How to extract these values from DBpedia programmatically?

sanyides · April 21, 2020, 1:57pm

Hello, I would like to create two indexes (from the English language DBpedia) and storing them in binary format:
1: keys are a form (the string containing the DBpedia page name) and the values are the list of meanings (DBpedia URIs) for that form.
2: keys are DBpedia URIs and values are a pair consisting of a label of the DBpedia page and the shortened abstract for the Wikipedia article.

Is there any library or method you suggest for extracting this information programmatically? By default, I’d use Java but I’m also open to other languages.

kurzum · April 22, 2020, 7:04am

Hi @sanyides,
the second one is easy, use:
https://databus.dbpedia.org/dbpedia/text/short-abstracts/
and
https://databus.dbpedia.org/dbpedia/generic/labels/
and build the index.

For the first one, you would need to aggregate some data, e.g. from:

kurzum · April 22, 2020, 7:13am

Did you ask how to download the packages from the bus automatically or how to get them from files or which files to take?

sanyides · April 22, 2020, 10:31am

Thanks for the quick answer. After doing some research, I think these are the files I need: https://paste.debian.net/1142089/ (I put these here because I’m not allowed to link to more than 2 sites)

My question is not about how to download these files, it’s more about how to extract all the different information programmatically.

kurzum · April 22, 2020, 11:32am

Either Jena https://jena.apache.org/ or RDF4J https://rdf4j.org/
But there are really hundreds of RDF libraries. Does this answer your question?
Another option is to load it into a triple store and query it with SPARQL. We recommend doing a databus collection (which also gives you a persistent link to the file versions) and the use a docker: https://github.com/dbpedia/Dockerized-DBpedia
But for you maybe the java libs are the easiest options.

sanyides · April 26, 2020, 10:16am

Thank you.
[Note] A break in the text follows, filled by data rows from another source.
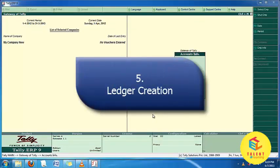Welcome friends. In this video tutorial we will learn how to create ledgers in Tally.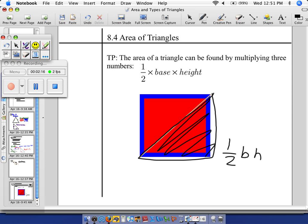Now you know where that one-half came from. It's actually logically deduced — I didn't just pull it out of nowhere. Any questions about how come? No? Cool. Then we're going to do some examples.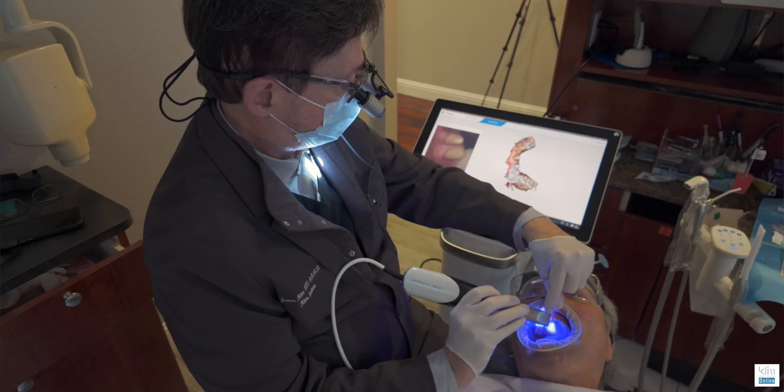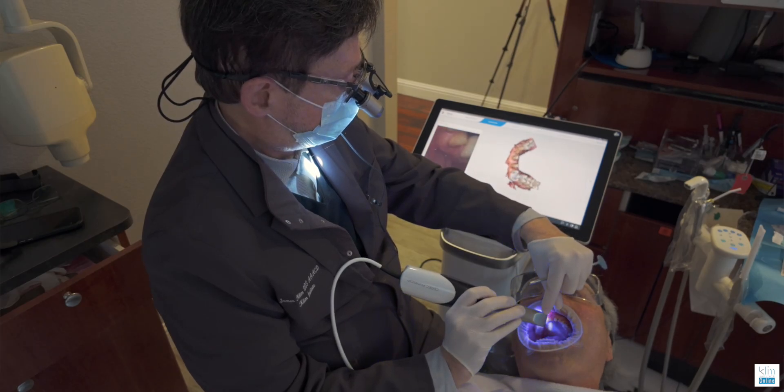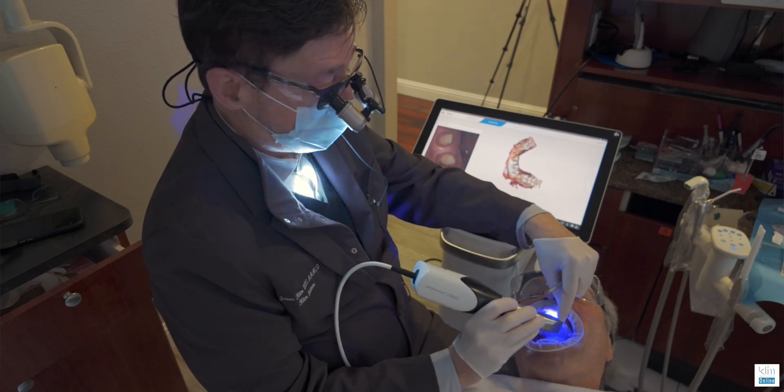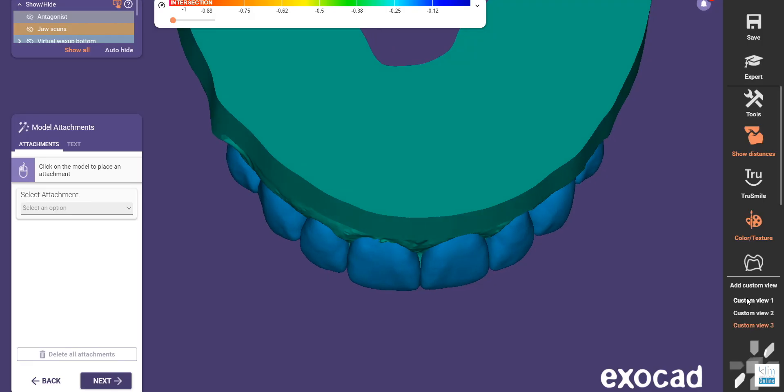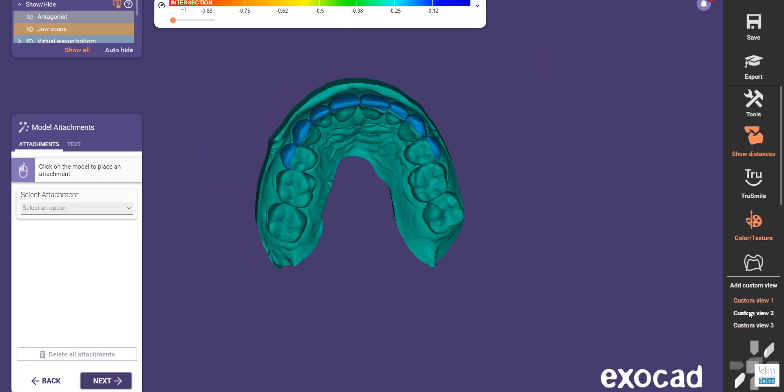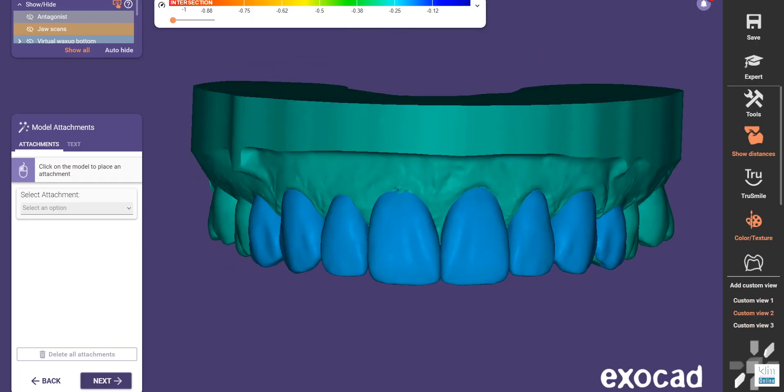Being a CEREC user for over 20 years, that's the mindset and the workflow I have. I've been able to transfer that workflow into Exocad. The main thing I hear from those that have been CEREC users and move into Exocad would be, "Wow, it's really daunting. The culture and the mindset is so challenging." Well, it can be, but it doesn't have to be.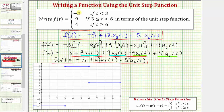As long as the function values are constants like they are here, this first technique is obviously much faster. But as the piecewise defined function gets more complicated, using the second technique — where we multiply the function value by a difference that turns that function value on or off over a particular interval — becomes much more helpful. I hope you found this beneficial.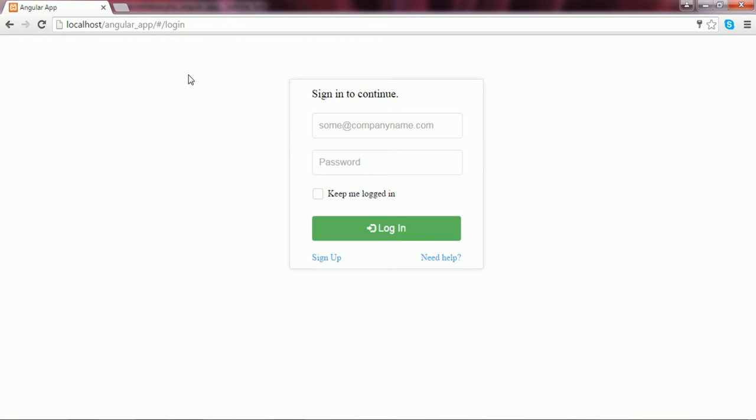What is the reason that I have not been redirected to the dashboard of the application, while I had previously checked the 'keep me logged in' checkbox of the login form?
The main problem that I’m experiencing is that the files are too large. for example, page_lang=en_ids.ttl is over 2GB. Must I put it all in memory before doing anything? Are there any alternatives?
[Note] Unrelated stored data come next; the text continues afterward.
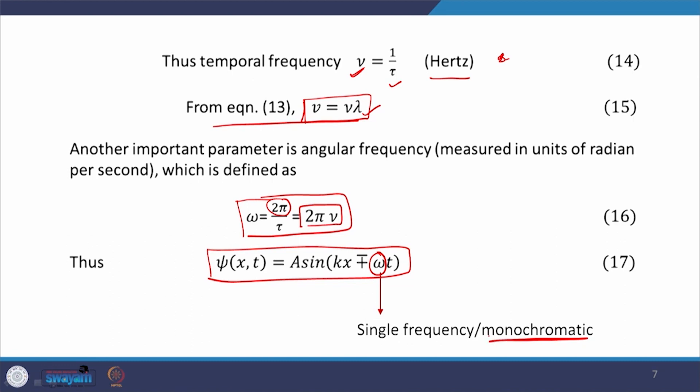In practice, it is impossible to have a truly monochromatic wave. All waves have a certain bandwidth and these are called polychromatic waves. However, if this bandwidth is very narrow, the wave is very close to monochromatic and these are called pseudo-monochromatic waves.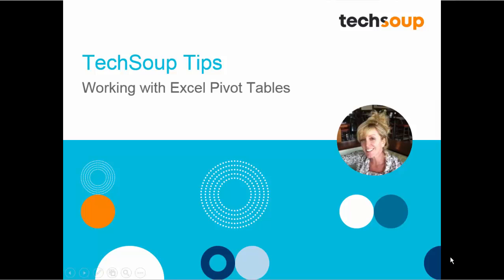Hi! Welcome to TechSoup Tips. I'm Susan Hope Bard, and I'm going to introduce you to the wonderful world of pivot tables for Excel 2013 and 2016.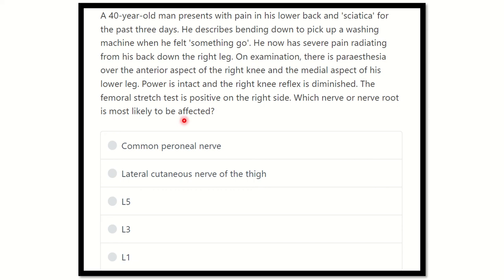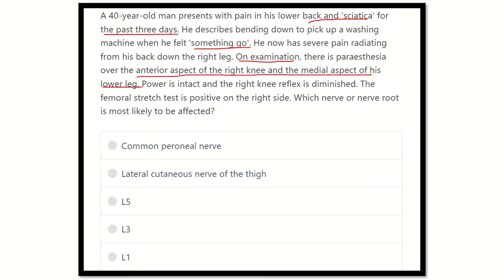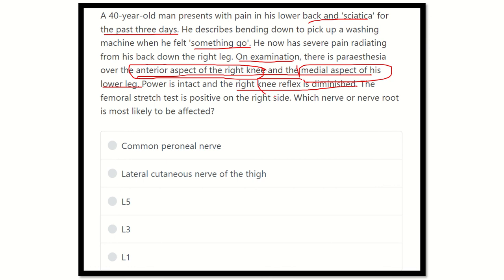So here, a 40-year-old man presents with back pain and sciatica for the past three days. He described bending down to pick up a washing machine when he felt something go. He now has severe pain radiating from the back down — this point is very important. On examination, paresthesia over the anterior aspect of the right knee and medial aspect of the lower leg. Power is intact but knee reflex is diminished, and femoral stress test is positive. These four points are the clues to find which nerve root is responsible.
kurzum · April 27, 2020, 5:27pm

There is RDFSlice: http://aksw.org/Projects/RDFSlice
Jena also does Stream processing: https://jena.apache.org/documentation/io/streaming-io.html
For advanced users, I think you can also run star shaped sparql queries over streams with: https://github.com/SmartDataAnalytics/SparqlIntegrate but I need to try it.

For now, Jena Streams is the easiest, if you can’t load it into main memory. Or you use Jena TDB or another database, e.g. Virtuoso.

Also bash works for some things, e.g. bzcat file.nt.bz2 | cut -f1 -d '>' | sort | uniq -c gives you the outdegree of subjects.